# Exercise aim
For this exercise, write out the whole listing below exactly, omitting its images.

# Data excerpt
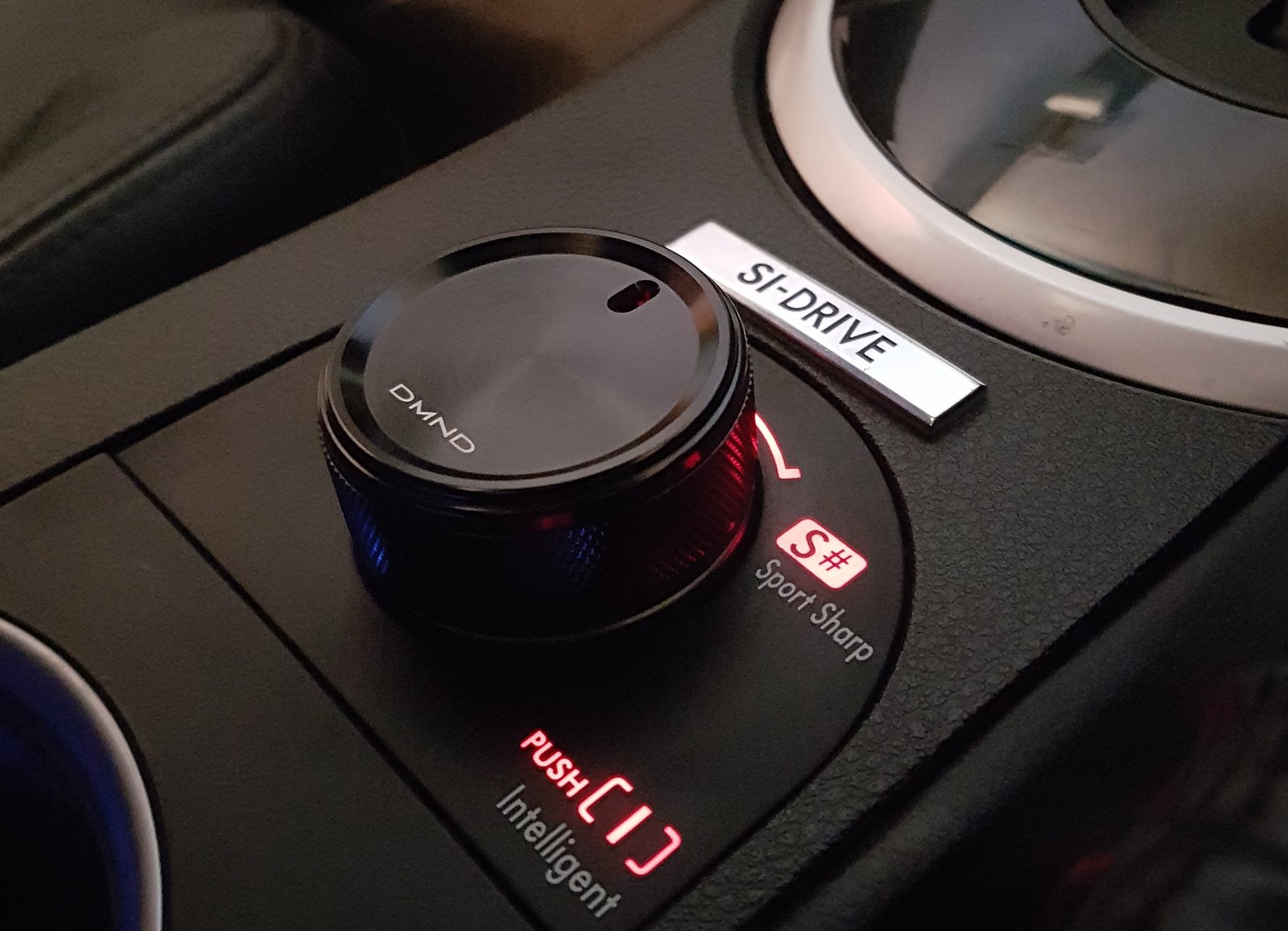MY07-MY09 Black Liberty/Legacy SI-Drive Cover | Diamond MY07-MY09 Black Liberty/Legacy SI-Drive Cover | Diamond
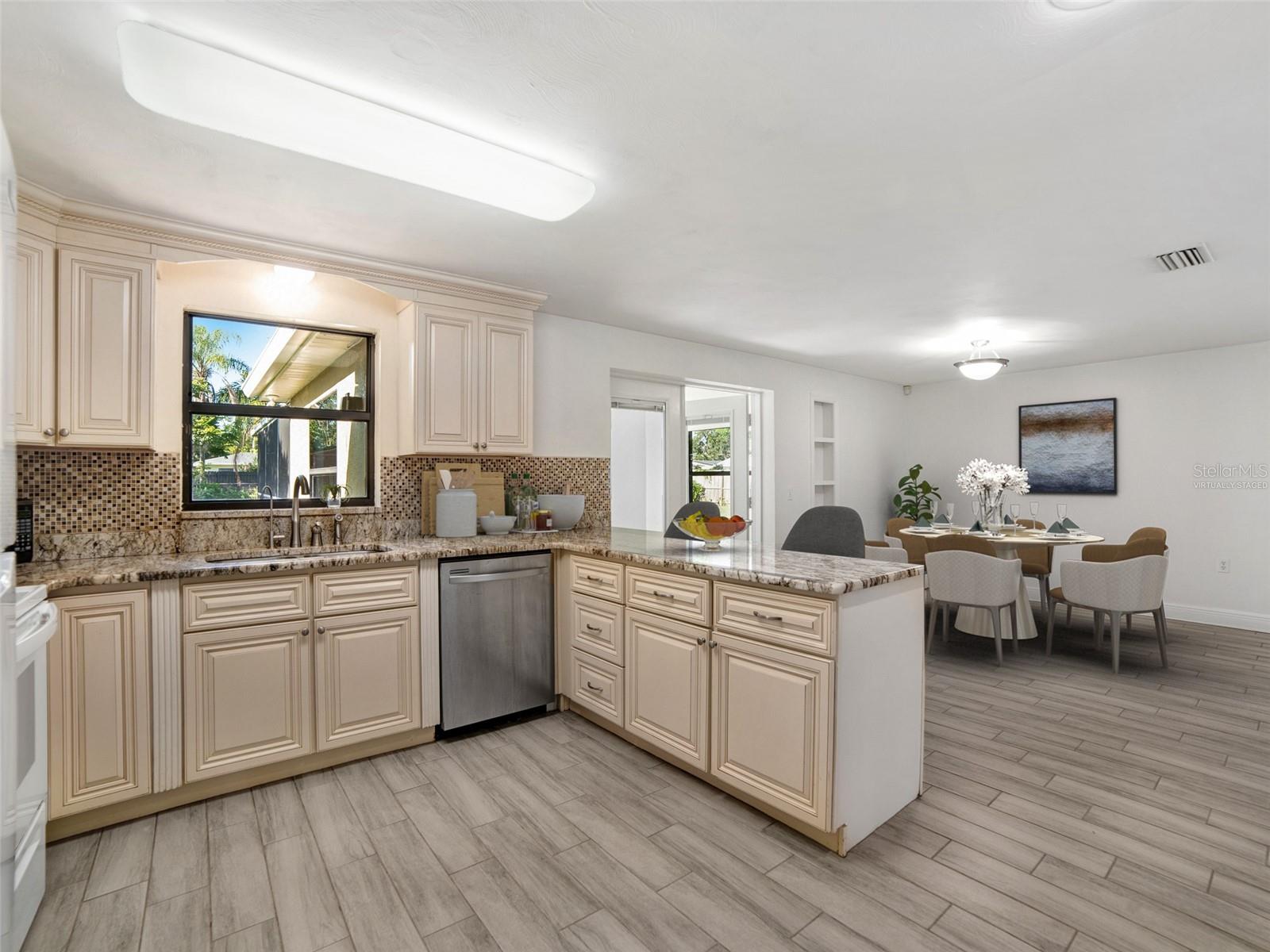 Image 10 of 30 For 2107 Lumsden Avenue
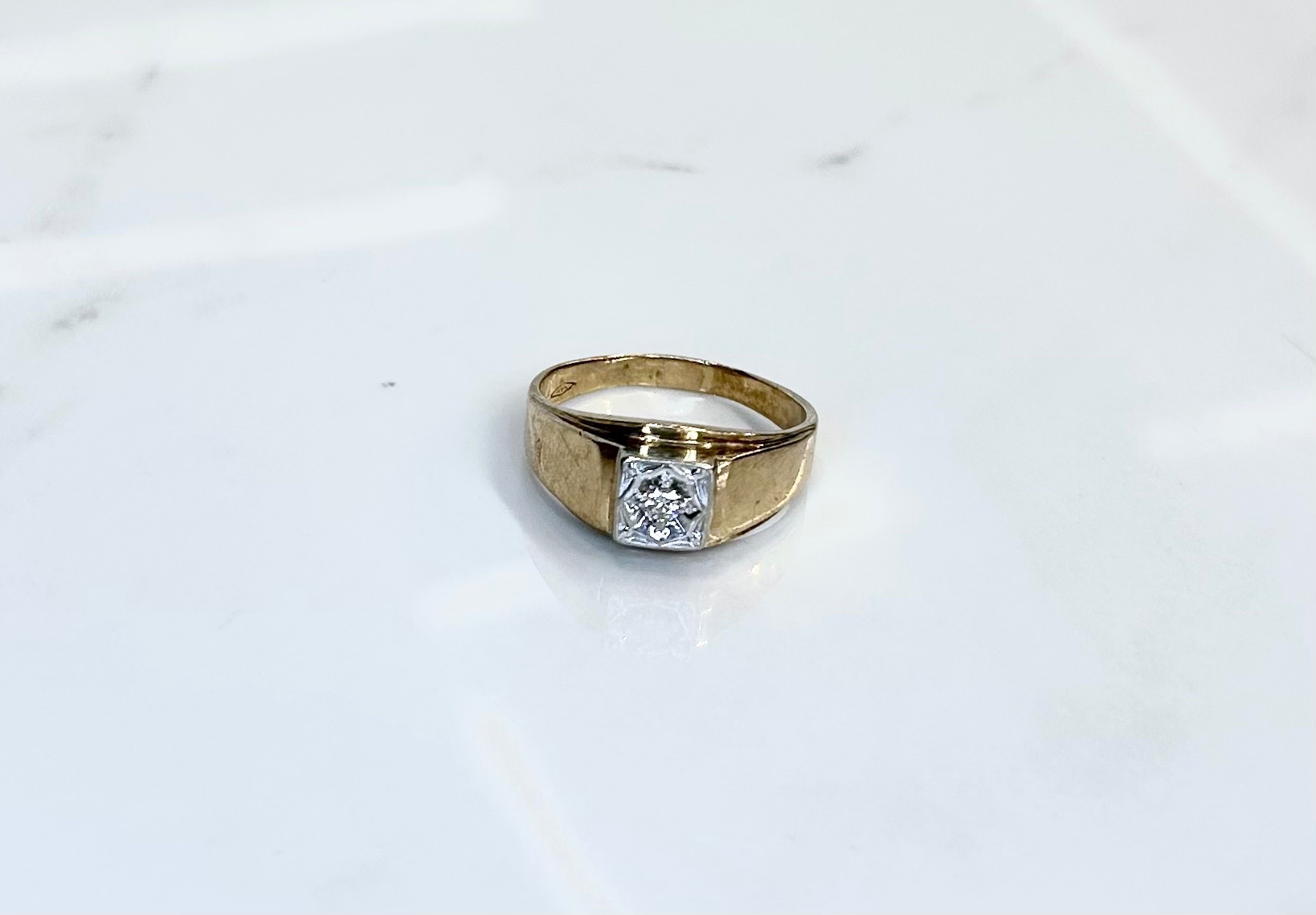 10K Gold Ring W/ Diamond - Gold 4.5G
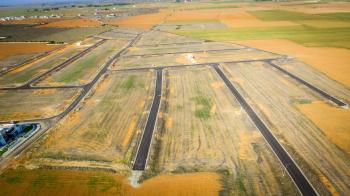 MAĞUSA MUTLUYAKA'DA SATILIK ARSA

# Task solution
MY07-MY09 Black Liberty/Legacy SI-Drive Cover | Diamond MY07-MY09 Black Liberty/Legacy SI-Drive Cover | Diamond
 Image 10 of 30 For 2107 Lumsden Avenue
 10K Gold Ring W/ Diamond - Gold 4.5G
 MAĞUSA MUTLUYAKA'DA SATILIK ARSA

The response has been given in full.